Diretor: Mário Lopes

Data: 2026/2/21

Apesar de reconhecer a resposta exemplar à Tempestade Kristin

Assembleia Municipal da Batalha alerta para agravamento da situação financeira do Município após as tempestades

Assembleia Municipal reconhece a resposta exemplar à Tempestade Kristin

A apresentação do Relatório de Resposta e Recuperação à Tempestade Kristin e a Avaliação do Cumprimento do Plano Municipal de Emergência teve lugar no dia 19 de fevereiro, na sessão ordinária da Assembleia Municipal da Batalha.

Perante um fenómeno meteorológico de carácter excecional, que obrigou à declaração de situação de calamidade a partir de 28 de janeiro, foi detalhada a atuação do Município nas várias fases da emergência: ativação imediata do Plano, funcionamento permanente da Comissão Municipal de Proteção Civil, mobilização integral dos meios disponíveis e coordenação contínua entre Bombeiros, GNR, Serviços Municipais, entidades de saúde, Forças Armadas, empresas, associações e voluntários.

A avaliação técnica concluiu que todas as medidas previstas no Plano Municipal de Emergência foram cumpridas, tendo a resposta, em matéria de comunicação pública e mobilização comunitária, superado os procedimentos inicialmente previstos.

A Assembleia Municipal aprovou ainda um voto de louvor dirigido a todas as instituições, empresas, associações, forças de segurança, câmara municipal, juntas de freguesia e proteção civil, militares, voluntários e cidadãos que responderam de forma exemplar, solidária e sacrificada à catástrofe, contribuindo decisivamente para a estabilização do território.

Num contexto financeiro altamente condicionado foi igualmente sublinhado que esta resposta ocorreu num quadro financeiro particularmente exigente.

O Município iniciou o novo ciclo autárquico com 23.567.864,79 € em compromissos plurianuais assumidos, um aumento superior a 14,8 milhões de euros (+269%) face ao início do ciclo anterior (8,7 milhões de euros em 2021).

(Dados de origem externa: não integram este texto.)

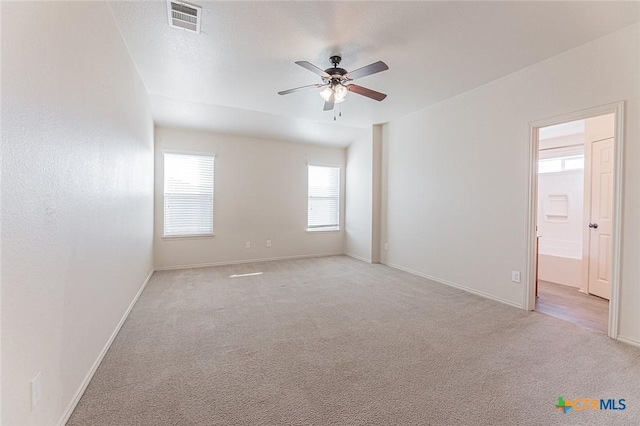 spare room with light carpet, a textured ceiling, and ceiling fan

A Tempestade Kristin veio agravar esta realidade, introduzindo encargos extraordinários com operações de emergência, mobilização de meios, reposição de infraestruturas, reparação de equipamentos municipais e apoio social às populações afetadas. Segundo os últimos dados apurados, os prejuízos municipais já ultrapassam os 10 milhões de euros, sendo que o valor deverá aumentar com a continuação dos trabalhos de avaliação em curso.

Esta conjugação de uma herança financeira pesada com um evento de calamidade coloca o Município perante uma pressão orçamental sem precedentes, exigindo rigor absoluto na gestão, redefinição de prioridades e uma estratégia firme de contenção e reprogramação de investimentos.

A Assembleia Municipal destacou, contudo, que a resposta demonstrou liderança, coordenação institucional e forte coesão comunitária, assumindo-se agora o compromisso de avançar para uma fase de reconstrução responsável e sustentável.